Now we're watching the Red Sox on Allan's laptop. Tomorrow we're taking a boat tour through some fjords, then going kayaking? Is that true??

Random note. At the lookout point in Norris Point, we pulled into the parking lot right next to another car exactly like the one we are driving. When we got out, we saw the license plates were only one number different! As we were laughing about it, people were walking back to the car. When I asked, "Is this your car?", they were a little wary or nervous, until I said, "Look, this is our car!" Of course, they rented it from the same place in St. John's. Later on, Allan saw it parked outside a room at our motel. Strange but true vacation coincidences.

Hey, happy Pride Week, everyone! The War Resisters Support Campaign will be marching in the parade, which will be a fun surprise for some of our resisters who are new to Toronto. I'm sorry to be missing all the fun, but of course if I were home, I'd be working anyway.

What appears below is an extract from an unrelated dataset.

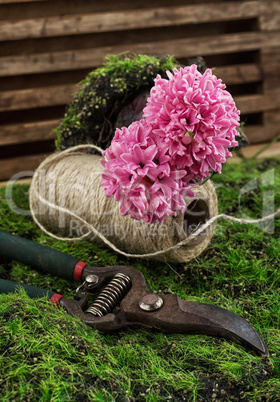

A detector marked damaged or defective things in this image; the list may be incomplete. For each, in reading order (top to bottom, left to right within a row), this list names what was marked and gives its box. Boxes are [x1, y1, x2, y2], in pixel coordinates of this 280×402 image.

rusty pruner [0, 229, 268, 354]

Pictures of the Arches are here.


Kim_in_TO said...

After all the wonderful descriptions, I can't wait to see your photos (I assume you're taking a lot, right?). I'm also curious about the earrings.

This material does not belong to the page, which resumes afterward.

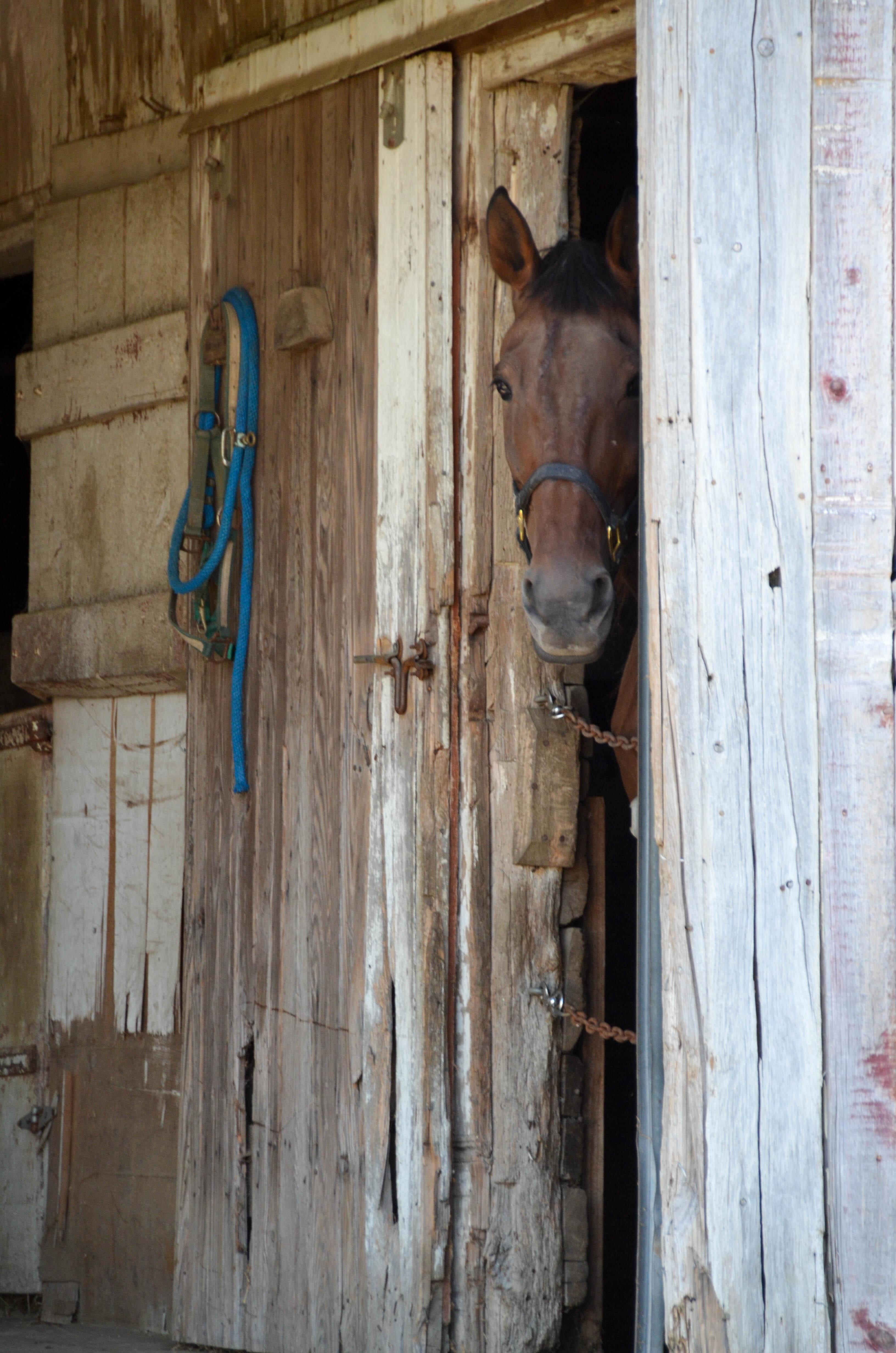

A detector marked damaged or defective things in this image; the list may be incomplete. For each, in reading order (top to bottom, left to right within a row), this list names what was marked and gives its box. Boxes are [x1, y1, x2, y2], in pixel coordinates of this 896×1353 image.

rusty door latch [351, 637, 433, 712]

The War Resisters Support Campaign will be marching in the parade

I really think the US-to-Canada couples should also have a contingent in the parade. Maybe next year?

Jen said...

Another flaky Jen post: I'm inordinantly hopeful that you'll love sea kayaking... I don't know why. Maybe because we just got back from a canoe trip and I remember now how much I like being on the water. Maybe because I love it and hope everyone else does too. Maybe because I can imagine being in fab Nfld setting and am jealous. I hope you love it... or at least have fun. [Our great sea kayaking trip near Gibson's Landing BC is directly related to the name of our dog even (Gibson)].

L-girl said...

Kim, yes, we are taking lots of photos! I looked online for the person who made the earrings, but couldn't find anything.

You've given me a good idea, though. When I posted photos from our trip to Peru, I never thought of including the things we brought home. They're examples of the beautiful crafts people make, so they're worth including in the photos.

I think I'll go back and do that, and I'll include the earrings and the other artwork when I post pohotos from this trip.

It will be a long time until I can deal with the photos, as I'll be very busy when we get back. (Big writing assignment, yay!) Then again, you can always see the photos in person. An excuse to get together!

Hope you're enjoying a great Pride Weekend!

L-girl said...

Jen, not flaky, and I totally loved it! It was fantastic and I would love to go again.

I didn't know you guys were paddlers, that's very cool.

Happy Pride to you, Leah and Gibson!

Steve said...

"Modern day slavery"? The head camp cook at the site I worked at was clearing (after taxes) $6000 a month--easily--in wages for his "14 hour shifts" in the Alberta Oil- Patch.

L-girl said...

I didn't ask Jeannie how much she cleared, but we got the impression it wasn't very much. She's a very cheery, hard-working person, so it's hard to imagine she would call a well-paid job modern-day slavery. Perhaps your head cook is on a different pay scale than she is.